What is needed is an exact copy of every entry below, with the pictures left out.

===== DATA

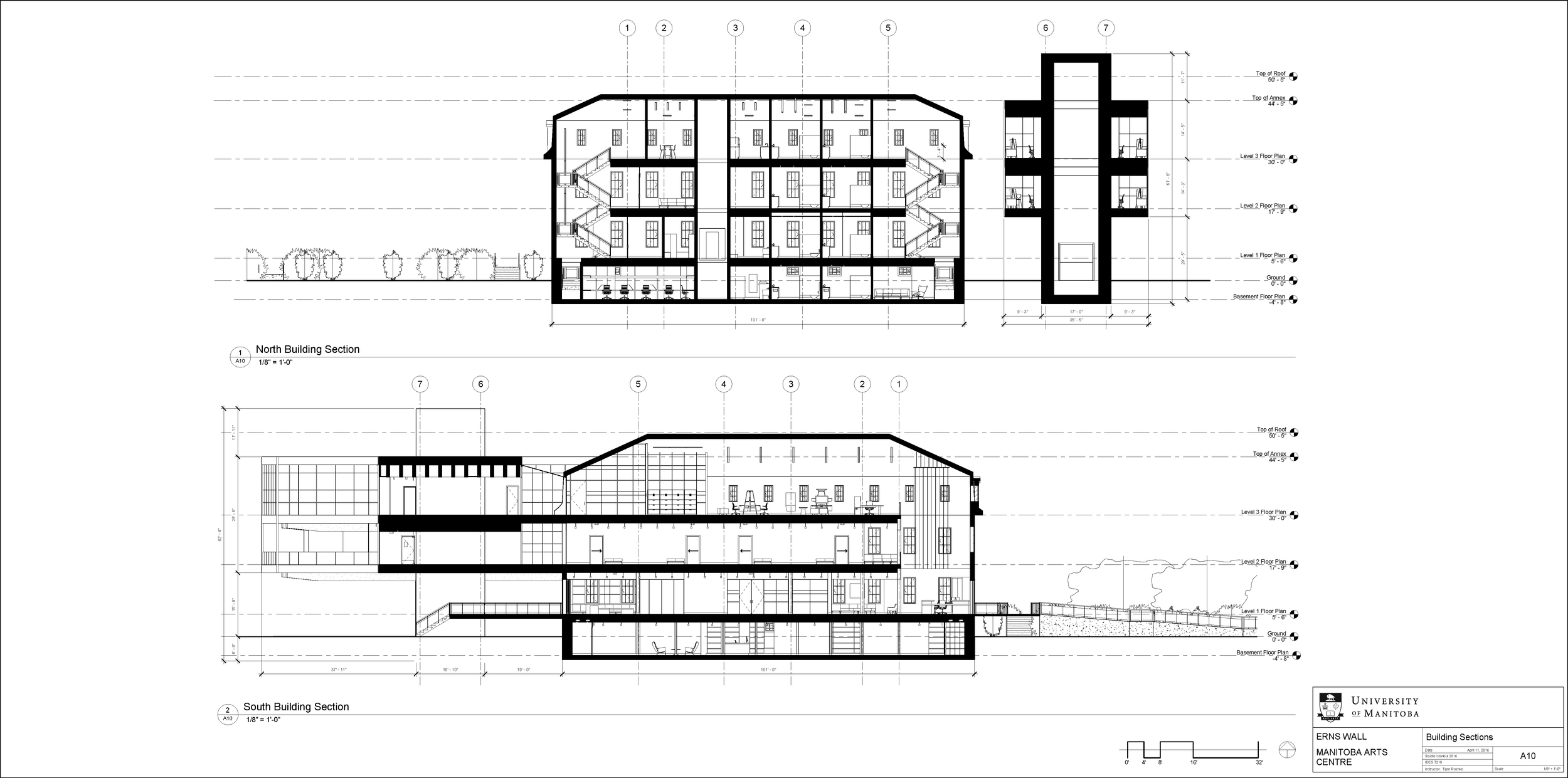 Architectural drawing of building sections for a university campus, showing floors, staircases, and structural details.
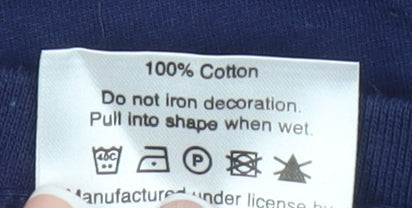 The Beatles Blue Men's T-Shirt, Graphic, Large, Music Theme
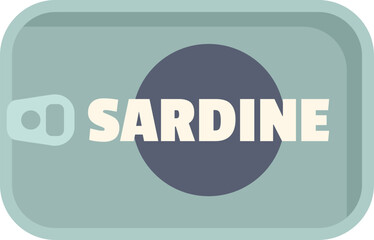 Closed rectangular sardine tin can with pull tab, depicting a minimalist illustration of preserved fish packaging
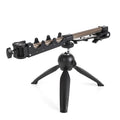 Aluminium alloy ice fishing rod holder bracket on a frozen lake.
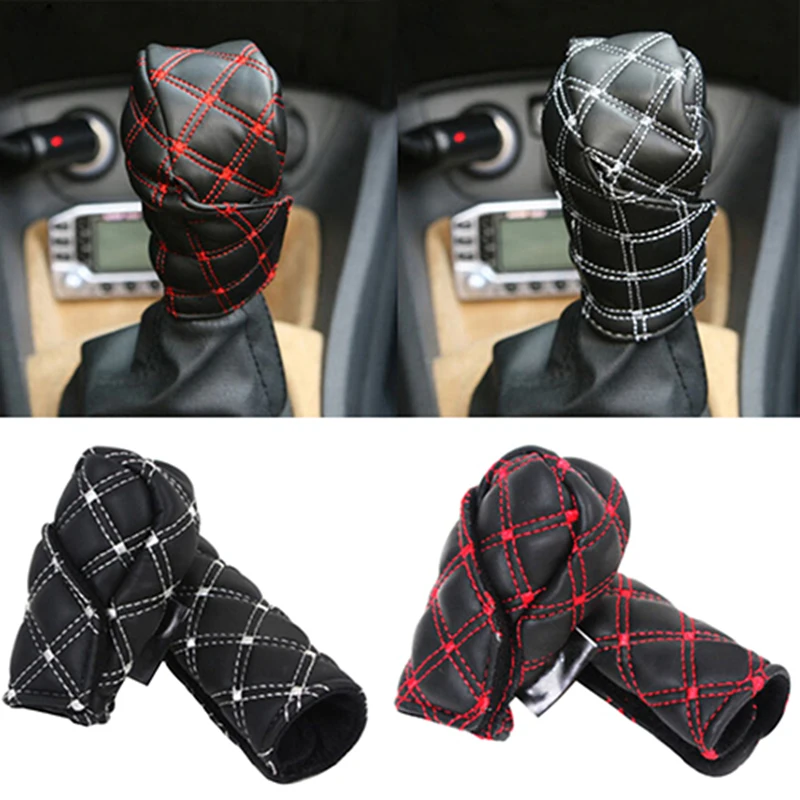2Pcs/Set Faux Leather Hand Brake Shift Knob Cover Gear Case Car Interior Decor Car Gear Knob Cover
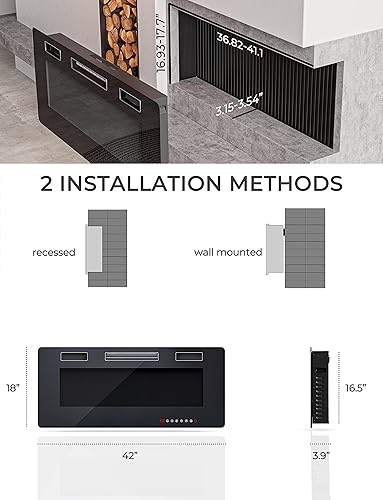 Miniatura 3 de RELAX4LIFE Chimeneas eléctricas empotradas y montadas en la pared de 50 pulgadas, insertos de chimenea eléctrica con control remoto, temporizador de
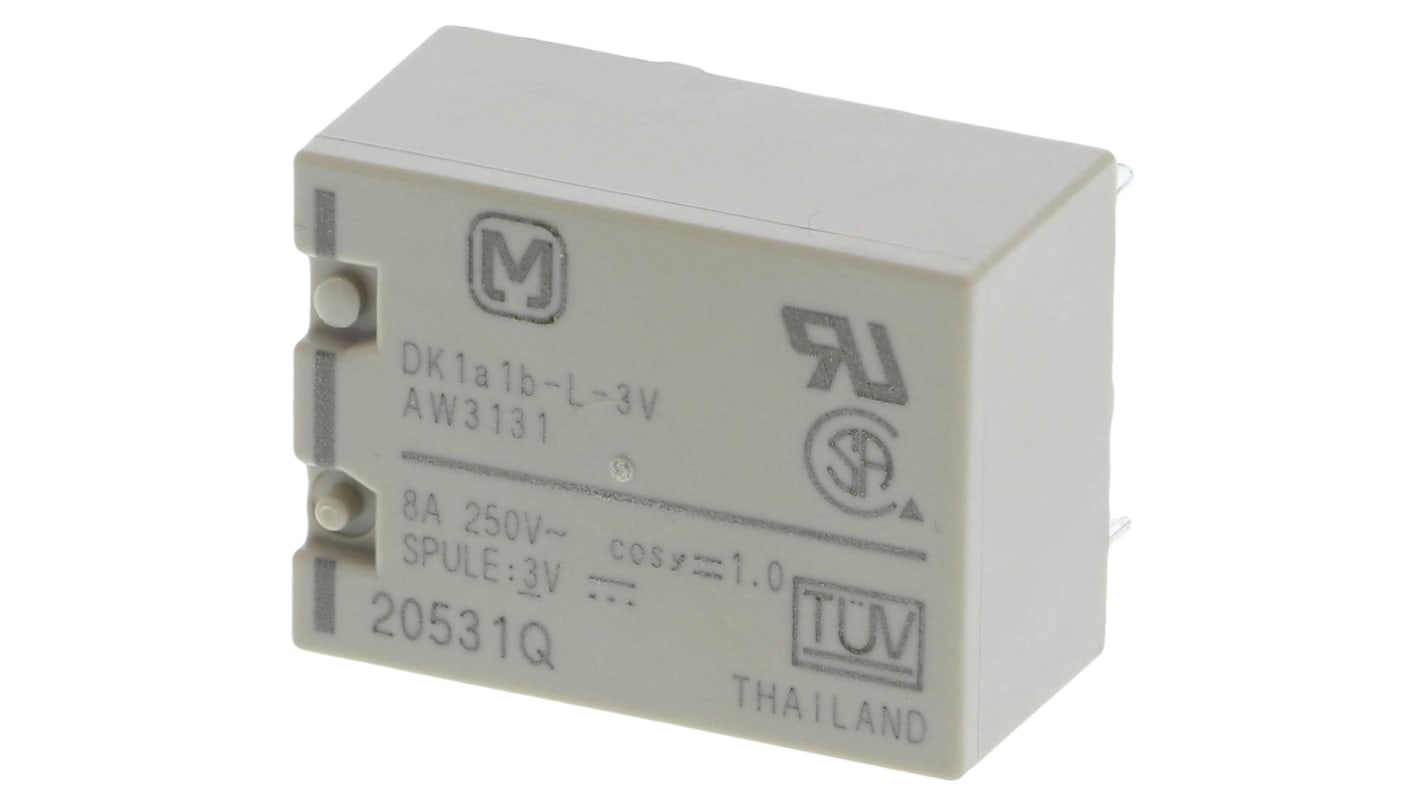 Panasonic 3V dc Spule 1-poliger Wechsler Printrelais 8A 45Ω 200mW Bistabiles Relais
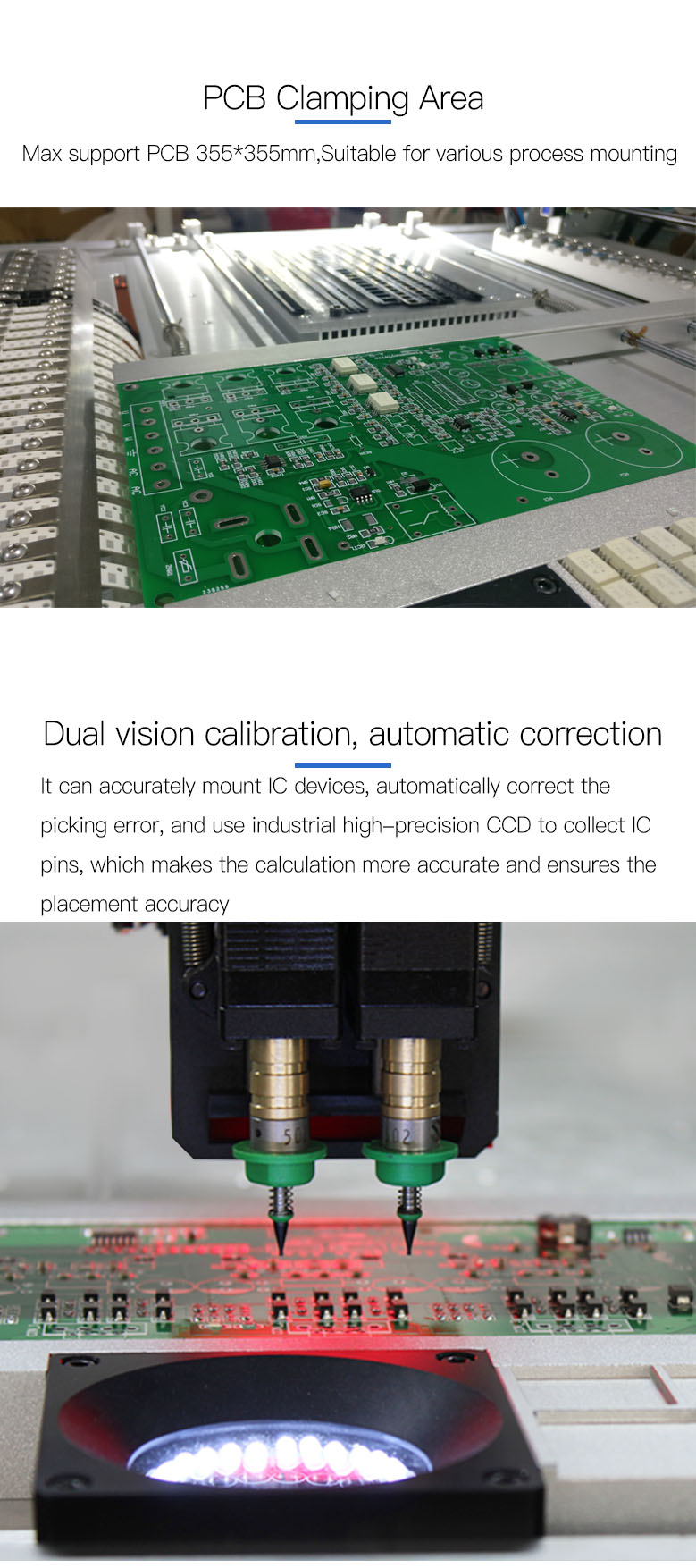 Small Desktop 2 Head Vision Feeder SMT Chip Mounter 300W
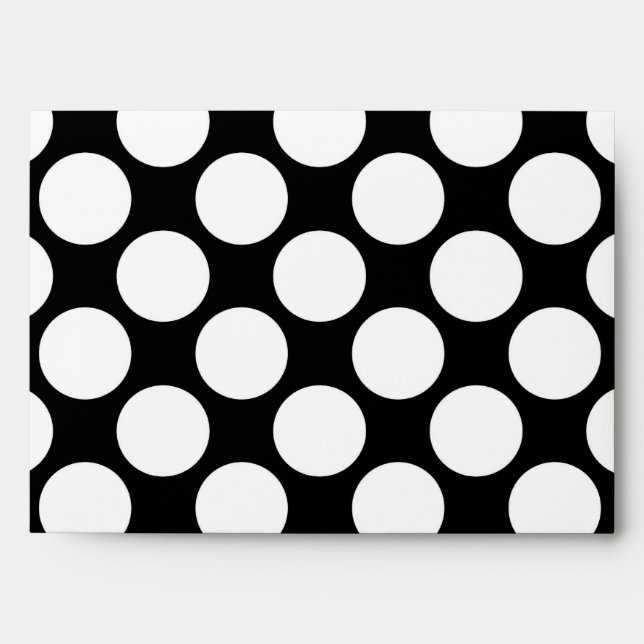 White polka dots large on black envelope (Front)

==========

EXPECTED ANSWER:
 Architectural drawing of building sections for a university campus, showing floors, staircases, and structural details.
 The Beatles Blue Men's T-Shirt, Graphic, Large, Music Theme
 Closed rectangular sardine tin can with pull tab, depicting a minimalist illustration of preserved fish packaging
 Aluminium alloy ice fishing rod holder bracket on a frozen lake.
2Pcs/Set Faux Leather Hand Brake Shift Knob Cover Gear Case Car Interior Decor Car Gear Knob Cover
 Miniatura 3 de RELAX4LIFE Chimeneas eléctricas empotradas y montadas en la pared de 50 pulgadas, insertos de chimenea eléctrica con control remoto, temporizador de
 Panasonic 3V dc Spule 1-poliger Wechsler Printrelais 8A 45Ω 200mW Bistabiles Relais
 Small Desktop 2 Head Vision Feeder SMT Chip Mounter 300W
 White polka dots large on black envelope (Front)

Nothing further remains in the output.